Trump Finally Announces His Nomination For New NASA Chief

Better late than never, eh Jim? Tom Williams/Getty Images

As for Bridenstine, he does have a keen interest in space. In particular, he is interested in monitoring weather from space, something relevant to Oklahoma as it is hit by frequent tornadoes. He's also in favor of the commercialization of space, which has been taking place rapidly over the last few years.

Measures put in place by Bolden and the Obama Administration have helped commercialization ramp up. Next year will see the inaugural launch of two private spacecraft developed with NASA's help, SpaceX's Crew Dragon and Boeing's CST-100 Starliner. Bridenstine seems like a decent pick to continue that progress.

And he's also in favor of NASA's upcoming Space Launch System rocket and the Orion spacecraft, both of which are ticking along well enough. Orion has flown once already in 2014. The SLS, meanwhile, is expected to fly for the first time in 2019 with Orion on top – while Trump is still (probably) President.

Perhaps the biggest shift between Bridenstine and his predecessor is his preference for going back to the Moon, rather than sending humans to Mars. For almost the last decade NASA has been focused on getting humans to Mars by the 2030s, with the Moon seen as a stopping point rather than a desirable area of exploration.

Bridenstine, on the other hand, seems to favor going back to the Moon first.

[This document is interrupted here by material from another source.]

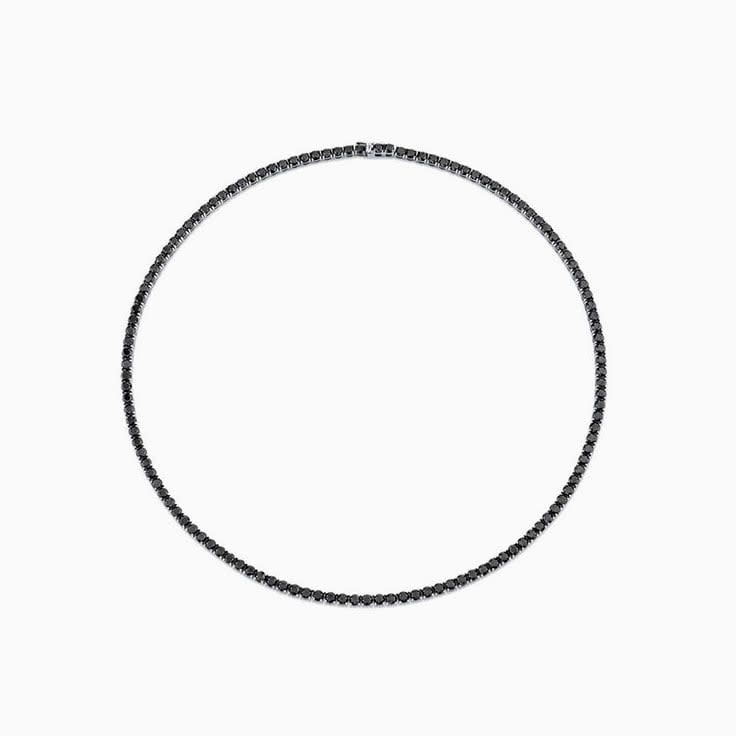 Tennis Necklace With Black Diamonds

He sees it as a key ground for both government and private exploration, and in particular seems to favor studying the Moon's icy poles. However, he doesn't seem to think a manned mission to Mars in the 2030s is feasible.

“Water ice on the Moon could be used to refuel satellites in orbit,” he said in a blog post in December 2016. “The Moon, with its three-day emergency journey back to Earth, represents the best place to learn, train, and develop the necessary technologies and techniques for in situ resource utilization and an eventual long term human presence on Mars.”

Quite what NASA under Bridenstine will look like remains to be seen. In our interview with Bolden back in December 2015, he said giving up on Mars would be “disastrous”. He, and the rest of the world, will surely be watching with bated breath to see what the fate of his legacy will be.